## WHAT TO PRODUCE
Begin at the top of the records below and return each line exactly through the line with "KESSER Campingdouche X-Gear". Skip pictures.

## Caption-style text data
━━━
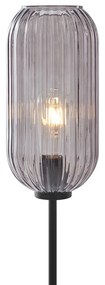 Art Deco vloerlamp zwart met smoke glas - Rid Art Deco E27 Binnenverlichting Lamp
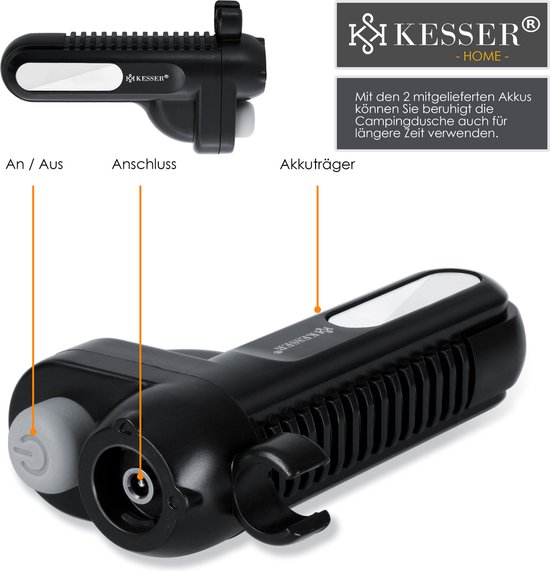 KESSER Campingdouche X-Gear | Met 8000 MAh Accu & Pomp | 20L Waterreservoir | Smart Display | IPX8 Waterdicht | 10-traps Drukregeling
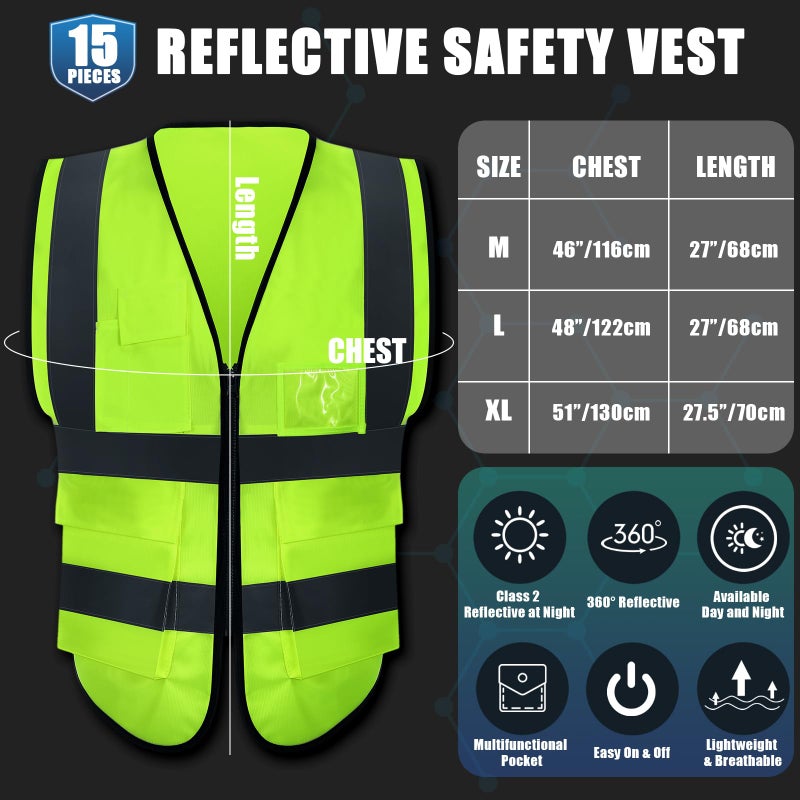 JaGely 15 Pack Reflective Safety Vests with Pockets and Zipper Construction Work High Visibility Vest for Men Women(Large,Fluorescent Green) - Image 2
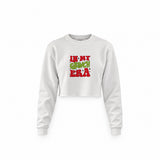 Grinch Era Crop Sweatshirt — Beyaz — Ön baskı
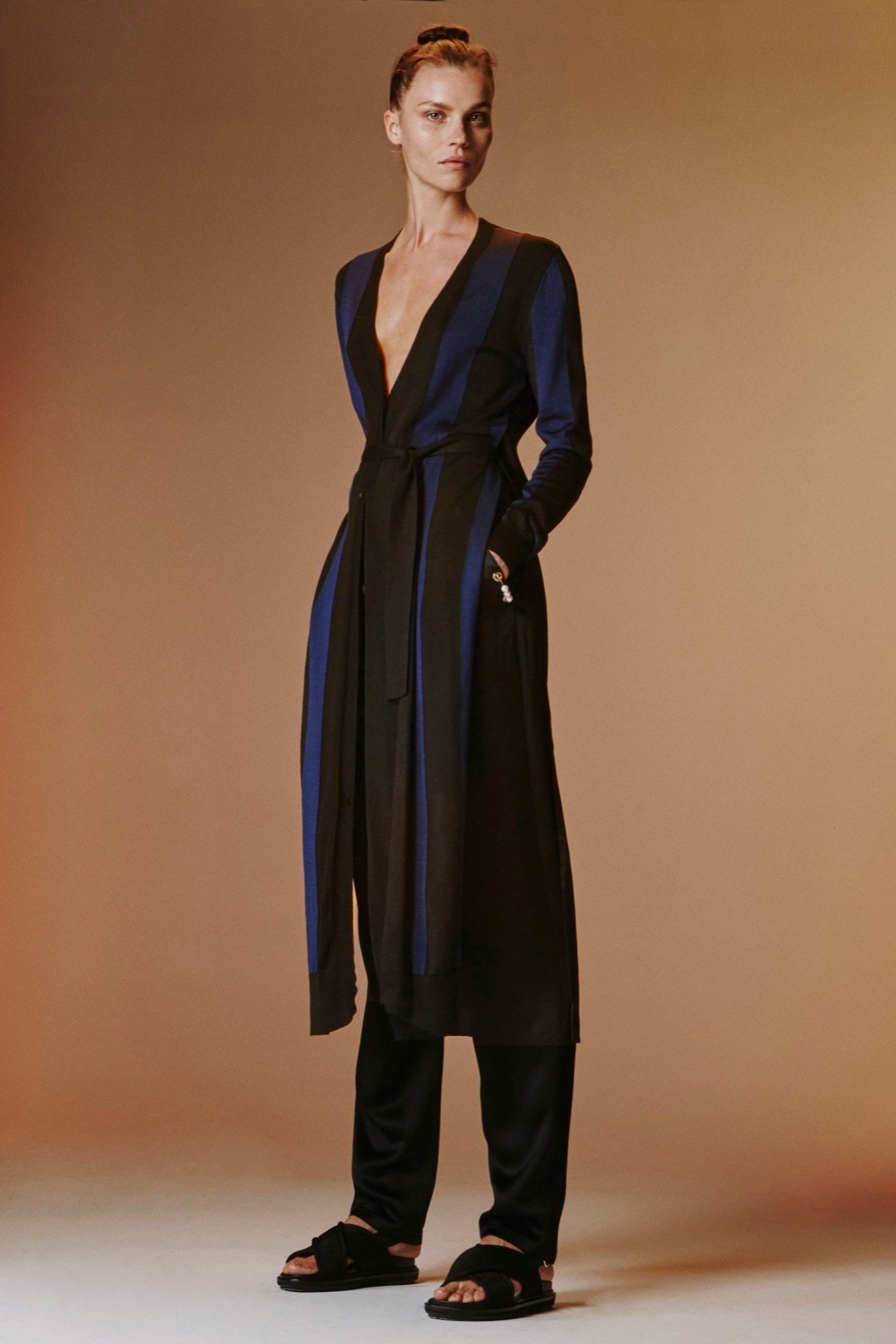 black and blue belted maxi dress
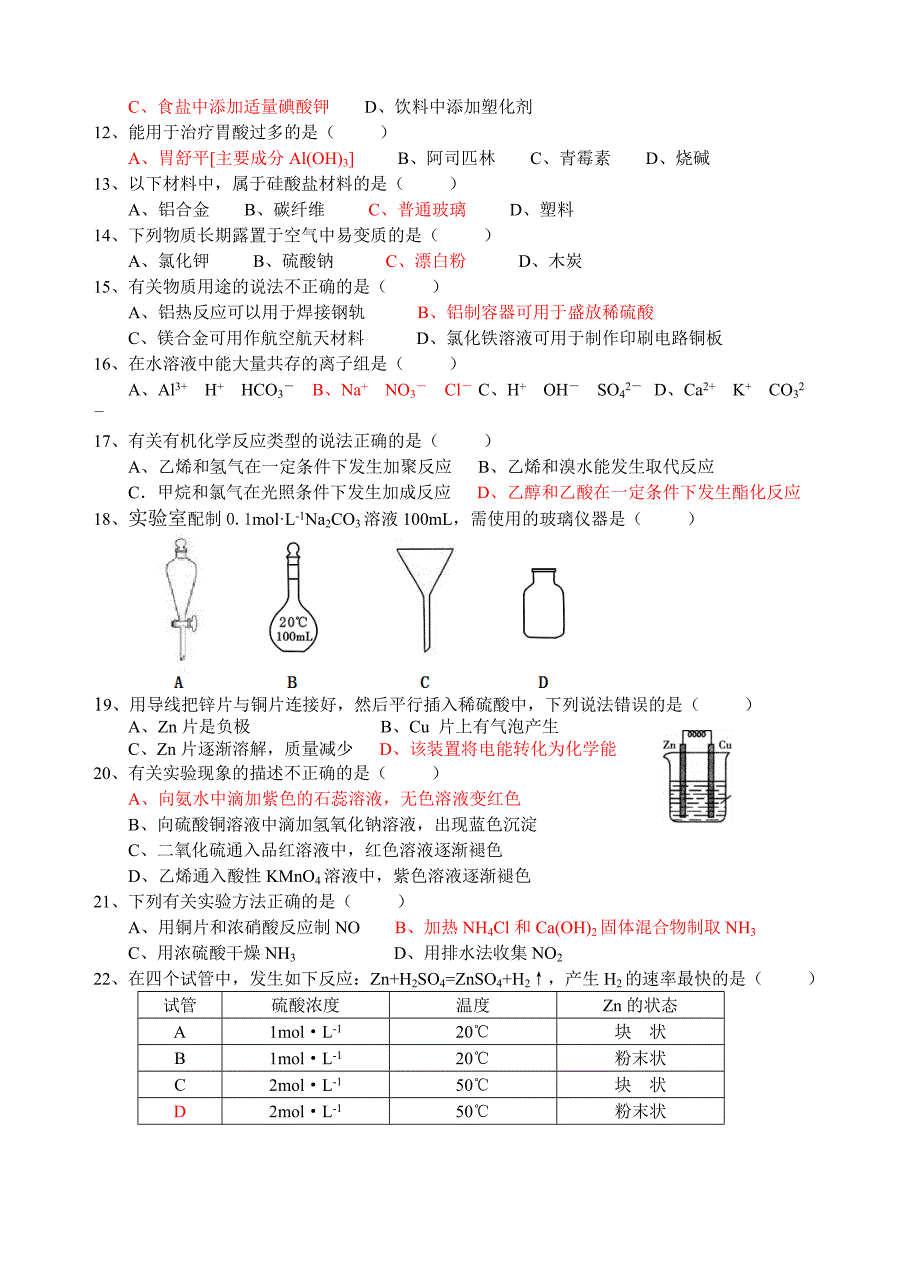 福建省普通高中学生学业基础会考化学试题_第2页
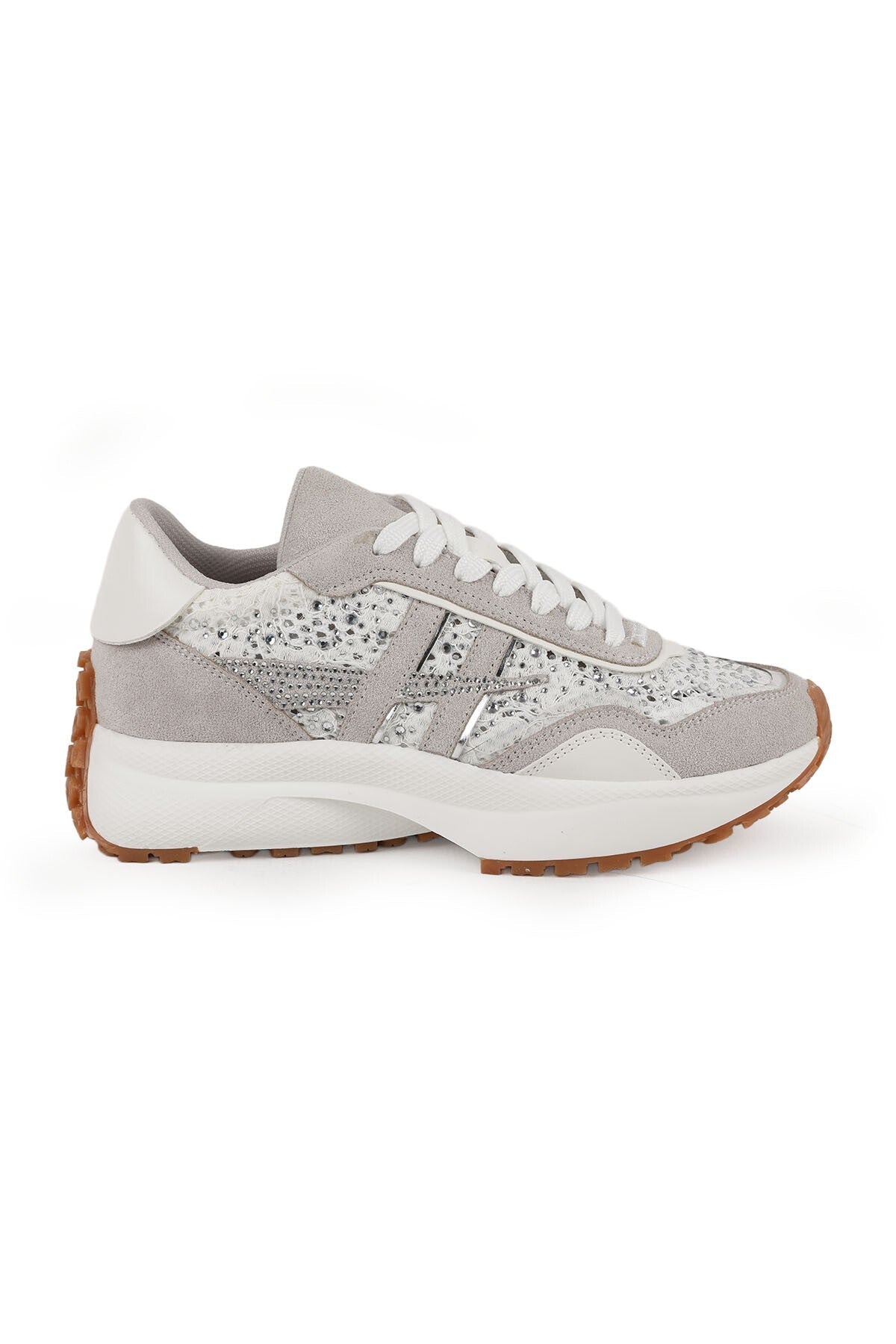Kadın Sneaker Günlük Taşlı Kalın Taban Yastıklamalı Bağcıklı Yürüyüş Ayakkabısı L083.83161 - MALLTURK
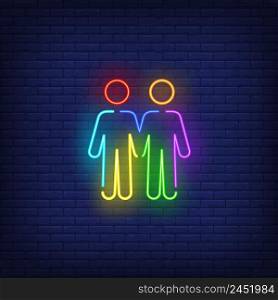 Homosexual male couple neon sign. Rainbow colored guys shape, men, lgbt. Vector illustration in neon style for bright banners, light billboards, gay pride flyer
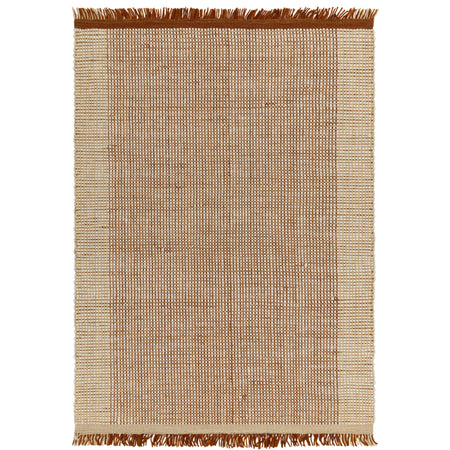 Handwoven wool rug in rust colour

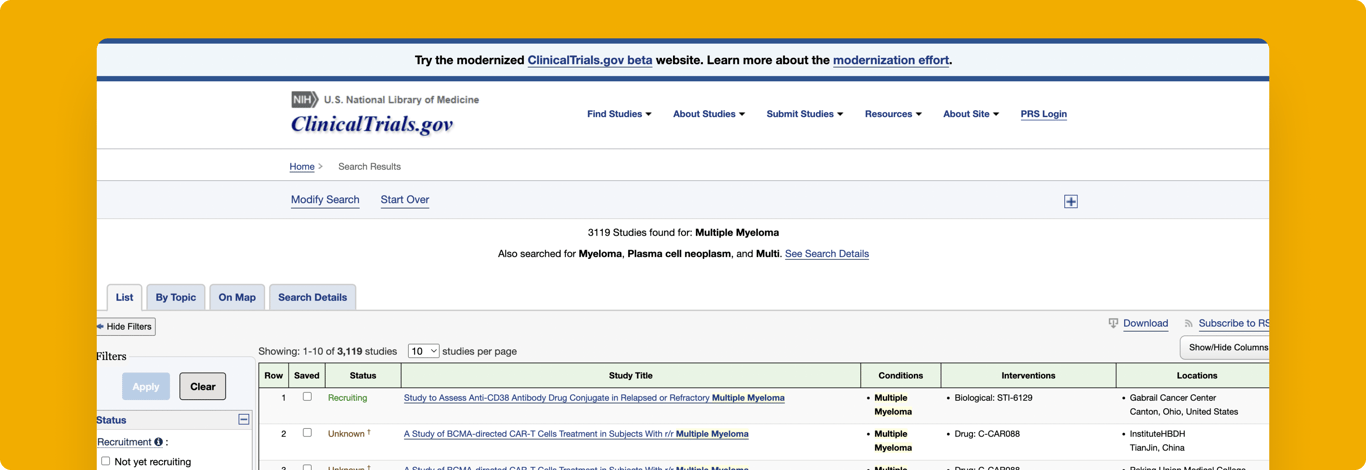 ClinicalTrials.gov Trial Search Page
━━━
## OUTPUT OF THE TASK
 Art Deco vloerlamp zwart met smoke glas - Rid Art Deco E27 Binnenverlichting Lamp
 KESSER Campingdouche X-Gear | Met 8000 MAh Accu & Pomp | 20L Waterreservoir | Smart Display | IPX8 Waterdicht | 10-traps Drukregeling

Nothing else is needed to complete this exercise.